● **Activity**: Please output each line of the data exactly as it appears.

● **Exercise data**:
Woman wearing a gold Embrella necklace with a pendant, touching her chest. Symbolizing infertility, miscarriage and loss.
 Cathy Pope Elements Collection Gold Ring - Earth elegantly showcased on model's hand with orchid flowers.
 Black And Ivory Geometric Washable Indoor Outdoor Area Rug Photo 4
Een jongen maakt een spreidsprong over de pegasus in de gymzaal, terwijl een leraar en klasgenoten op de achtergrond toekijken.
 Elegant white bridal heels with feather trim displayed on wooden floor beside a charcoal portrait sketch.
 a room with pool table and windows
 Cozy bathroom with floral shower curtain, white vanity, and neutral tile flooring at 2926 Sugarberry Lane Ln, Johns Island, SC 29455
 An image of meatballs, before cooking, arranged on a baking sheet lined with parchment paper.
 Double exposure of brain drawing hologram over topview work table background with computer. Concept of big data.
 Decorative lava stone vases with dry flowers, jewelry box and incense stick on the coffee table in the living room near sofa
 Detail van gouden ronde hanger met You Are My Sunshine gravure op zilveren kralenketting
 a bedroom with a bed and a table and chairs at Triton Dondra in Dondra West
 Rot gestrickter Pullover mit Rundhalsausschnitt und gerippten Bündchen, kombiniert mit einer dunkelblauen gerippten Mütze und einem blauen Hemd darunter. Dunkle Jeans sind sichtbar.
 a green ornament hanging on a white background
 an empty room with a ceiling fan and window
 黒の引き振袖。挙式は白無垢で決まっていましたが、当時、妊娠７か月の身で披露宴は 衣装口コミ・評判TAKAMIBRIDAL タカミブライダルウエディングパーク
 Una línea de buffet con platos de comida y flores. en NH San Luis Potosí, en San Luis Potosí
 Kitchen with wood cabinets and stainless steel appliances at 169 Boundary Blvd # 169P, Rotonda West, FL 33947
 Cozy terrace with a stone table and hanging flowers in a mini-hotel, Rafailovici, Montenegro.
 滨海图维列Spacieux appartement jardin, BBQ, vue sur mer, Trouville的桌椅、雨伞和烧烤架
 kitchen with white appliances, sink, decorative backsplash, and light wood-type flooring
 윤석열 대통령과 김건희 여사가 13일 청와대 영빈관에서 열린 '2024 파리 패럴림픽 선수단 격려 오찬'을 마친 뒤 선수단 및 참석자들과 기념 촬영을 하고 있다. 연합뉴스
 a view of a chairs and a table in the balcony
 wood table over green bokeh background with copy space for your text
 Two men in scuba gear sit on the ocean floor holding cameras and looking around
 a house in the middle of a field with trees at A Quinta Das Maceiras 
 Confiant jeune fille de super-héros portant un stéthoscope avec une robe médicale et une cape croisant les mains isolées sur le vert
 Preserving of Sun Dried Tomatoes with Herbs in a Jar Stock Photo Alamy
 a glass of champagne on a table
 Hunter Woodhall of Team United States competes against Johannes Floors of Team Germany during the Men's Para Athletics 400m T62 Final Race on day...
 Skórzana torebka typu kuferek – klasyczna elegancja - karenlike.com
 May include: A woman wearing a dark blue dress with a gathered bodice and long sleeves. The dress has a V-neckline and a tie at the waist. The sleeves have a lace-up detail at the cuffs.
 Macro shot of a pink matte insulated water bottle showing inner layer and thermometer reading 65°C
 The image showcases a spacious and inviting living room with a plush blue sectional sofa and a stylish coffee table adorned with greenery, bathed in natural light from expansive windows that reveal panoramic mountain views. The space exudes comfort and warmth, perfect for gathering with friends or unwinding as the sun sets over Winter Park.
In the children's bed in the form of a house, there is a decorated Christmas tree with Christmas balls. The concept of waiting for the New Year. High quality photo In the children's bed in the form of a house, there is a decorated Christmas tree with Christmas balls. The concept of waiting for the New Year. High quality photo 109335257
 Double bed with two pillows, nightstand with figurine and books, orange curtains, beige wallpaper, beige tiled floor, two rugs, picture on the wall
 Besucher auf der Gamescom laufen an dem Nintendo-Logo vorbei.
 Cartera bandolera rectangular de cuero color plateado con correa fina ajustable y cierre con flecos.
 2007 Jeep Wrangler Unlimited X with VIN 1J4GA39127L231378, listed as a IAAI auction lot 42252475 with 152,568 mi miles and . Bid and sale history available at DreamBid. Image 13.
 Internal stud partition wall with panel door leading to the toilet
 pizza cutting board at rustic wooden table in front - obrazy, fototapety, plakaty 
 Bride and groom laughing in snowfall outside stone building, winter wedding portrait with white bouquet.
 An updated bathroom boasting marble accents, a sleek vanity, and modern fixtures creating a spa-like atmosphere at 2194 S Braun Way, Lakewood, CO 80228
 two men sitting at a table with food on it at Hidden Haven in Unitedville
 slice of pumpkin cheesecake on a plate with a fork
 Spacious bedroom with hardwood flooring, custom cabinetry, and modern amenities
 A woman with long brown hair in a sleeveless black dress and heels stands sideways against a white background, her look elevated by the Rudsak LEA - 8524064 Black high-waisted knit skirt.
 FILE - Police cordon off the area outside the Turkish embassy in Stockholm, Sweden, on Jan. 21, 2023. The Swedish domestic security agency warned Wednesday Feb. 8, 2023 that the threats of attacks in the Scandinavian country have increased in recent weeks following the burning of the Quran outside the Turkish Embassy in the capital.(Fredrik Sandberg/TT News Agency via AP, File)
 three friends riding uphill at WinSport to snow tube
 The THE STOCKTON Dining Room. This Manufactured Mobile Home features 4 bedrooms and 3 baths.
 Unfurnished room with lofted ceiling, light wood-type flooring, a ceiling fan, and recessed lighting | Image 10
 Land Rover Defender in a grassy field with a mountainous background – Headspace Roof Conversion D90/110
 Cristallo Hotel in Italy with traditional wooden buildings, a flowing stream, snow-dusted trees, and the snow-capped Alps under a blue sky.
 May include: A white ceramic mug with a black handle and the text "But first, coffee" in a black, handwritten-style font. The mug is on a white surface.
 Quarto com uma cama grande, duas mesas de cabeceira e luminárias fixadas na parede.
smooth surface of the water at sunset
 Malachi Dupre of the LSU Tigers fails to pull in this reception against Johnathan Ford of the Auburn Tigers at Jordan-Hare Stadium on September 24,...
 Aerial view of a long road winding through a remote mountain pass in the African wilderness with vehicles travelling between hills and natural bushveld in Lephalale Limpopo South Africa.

● **Exercise solution**:
Woman wearing a gold Embrella necklace with a pendant, touching her chest. Symbolizing infertility, miscarriage and loss.
 Cathy Pope Elements Collection Gold Ring - Earth elegantly showcased on model's hand with orchid flowers.
 Black And Ivory Geometric Washable Indoor Outdoor Area Rug Photo 4
Een jongen maakt een spreidsprong over de pegasus in de gymzaal, terwijl een leraar en klasgenoten op de achtergrond toekijken.
 Elegant white bridal heels with feather trim displayed on wooden floor beside a charcoal portrait sketch.
 a room with pool table and windows
 Cozy bathroom with floral shower curtain, white vanity, and neutral tile flooring at 2926 Sugarberry Lane Ln, Johns Island, SC 29455
 An image of meatballs, before cooking, arranged on a baking sheet lined with parchment paper.
 Double exposure of brain drawing hologram over topview work table background with computer. Concept of big data.
 Decorative lava stone vases with dry flowers, jewelry box and incense stick on the coffee table in the living room near sofa
 Detail van gouden ronde hanger met You Are My Sunshine gravure op zilveren kralenketting
 a bedroom with a bed and a table and chairs at Triton Dondra in Dondra West
 Rot gestrickter Pullover mit Rundhalsausschnitt und gerippten Bündchen, kombiniert mit einer dunkelblauen gerippten Mütze und einem blauen Hemd darunter. Dunkle Jeans sind sichtbar.
 a green ornament hanging on a white background
 an empty room with a ceiling fan and window
 黒の引き振袖。挙式は白無垢で決まっていましたが、当時、妊娠７か月の身で披露宴は 衣装口コミ・評判TAKAMIBRIDAL タカミブライダルウエディングパーク
 Una línea de buffet con platos de comida y flores. en NH San Luis Potosí, en San Luis Potosí
 Kitchen with wood cabinets and stainless steel appliances at 169 Boundary Blvd # 169P, Rotonda West, FL 33947
 Cozy terrace with a stone table and hanging flowers in a mini-hotel, Rafailovici, Montenegro.
 滨海图维列Spacieux appartement jardin, BBQ, vue sur mer, Trouville的桌椅、雨伞和烧烤架
 kitchen with white appliances, sink, decorative backsplash, and light wood-type flooring
 윤석열 대통령과 김건희 여사가 13일 청와대 영빈관에서 열린 '2024 파리 패럴림픽 선수단 격려 오찬'을 마친 뒤 선수단 및 참석자들과 기념 촬영을 하고 있다. 연합뉴스
 a view of a chairs and a table in the balcony
 wood table over green bokeh background with copy space for your text
 Two men in scuba gear sit on the ocean floor holding cameras and looking around
 a house in the middle of a field with trees at A Quinta Das Maceiras 
 Confiant jeune fille de super-héros portant un stéthoscope avec une robe médicale et une cape croisant les mains isolées sur le vert
 Preserving of Sun Dried Tomatoes with Herbs in a Jar Stock Photo Alamy
 a glass of champagne on a table
 Hunter Woodhall of Team United States competes against Johannes Floors of Team Germany during the Men's Para Athletics 400m T62 Final Race on day...
 Skórzana torebka typu kuferek – klasyczna elegancja - karenlike.com
 May include: A woman wearing a dark blue dress with a gathered bodice and long sleeves. The dress has a V-neckline and a tie at the waist. The sleeves have a lace-up detail at the cuffs.
 Macro shot of a pink matte insulated water bottle showing inner layer and thermometer reading 65°C
 The image showcases a spacious and inviting living room with a plush blue sectional sofa and a stylish coffee table adorned with greenery, bathed in natural light from expansive windows that reveal panoramic mountain views. The space exudes comfort and warmth, perfect for gathering with friends or unwinding as the sun sets over Winter Park.
In the children's bed in the form of a house, there is a decorated Christmas tree with Christmas balls. The concept of waiting for the New Year. High quality photo In the children's bed in the form of a house, there is a decorated Christmas tree with Christmas balls. The concept of waiting for the New Year. High quality photo 109335257
 Double bed with two pillows, nightstand with figurine and books, orange curtains, beige wallpaper, beige tiled floor, two rugs, picture on the wall
 Besucher auf der Gamescom laufen an dem Nintendo-Logo vorbei.
 Cartera bandolera rectangular de cuero color plateado con correa fina ajustable y cierre con flecos.
 2007 Jeep Wrangler Unlimited X with VIN 1J4GA39127L231378, listed as a IAAI auction lot 42252475 with 152,568 mi miles and . Bid and sale history available at DreamBid. Image 13.
 Internal stud partition wall with panel door leading to the toilet
 pizza cutting board at rustic wooden table in front - obrazy, fototapety, plakaty 
 Bride and groom laughing in snowfall outside stone building, winter wedding portrait with white bouquet.
 An updated bathroom boasting marble accents, a sleek vanity, and modern fixtures creating a spa-like atmosphere at 2194 S Braun Way, Lakewood, CO 80228
 two men sitting at a table with food on it at Hidden Haven in Unitedville
 slice of pumpkin cheesecake on a plate with a fork
 Spacious bedroom with hardwood flooring, custom cabinetry, and modern amenities
 A woman with long brown hair in a sleeveless black dress and heels stands sideways against a white background, her look elevated by the Rudsak LEA - 8524064 Black high-waisted knit skirt.
 FILE - Police cordon off the area outside the Turkish embassy in Stockholm, Sweden, on Jan. 21, 2023. The Swedish domestic security agency warned Wednesday Feb. 8, 2023 that the threats of attacks in the Scandinavian country have increased in recent weeks following the burning of the Quran outside the Turkish Embassy in the capital.(Fredrik Sandberg/TT News Agency via AP, File)
 three friends riding uphill at WinSport to snow tube
 The THE STOCKTON Dining Room. This Manufactured Mobile Home features 4 bedrooms and 3 baths.
 Unfurnished room with lofted ceiling, light wood-type flooring, a ceiling fan, and recessed lighting | Image 10
 Land Rover Defender in a grassy field with a mountainous background – Headspace Roof Conversion D90/110
 Cristallo Hotel in Italy with traditional wooden buildings, a flowing stream, snow-dusted trees, and the snow-capped Alps under a blue sky.
 May include: A white ceramic mug with a black handle and the text "But first, coffee" in a black, handwritten-style font. The mug is on a white surface.
 Quarto com uma cama grande, duas mesas de cabeceira e luminárias fixadas na parede.
smooth surface of the water at sunset
 Malachi Dupre of the LSU Tigers fails to pull in this reception against Johnathan Ford of the Auburn Tigers at Jordan-Hare Stadium on September 24,...
 Aerial view of a long road winding through a remote mountain pass in the African wilderness with vehicles travelling between hills and natural bushveld in Lephalale Limpopo South Africa.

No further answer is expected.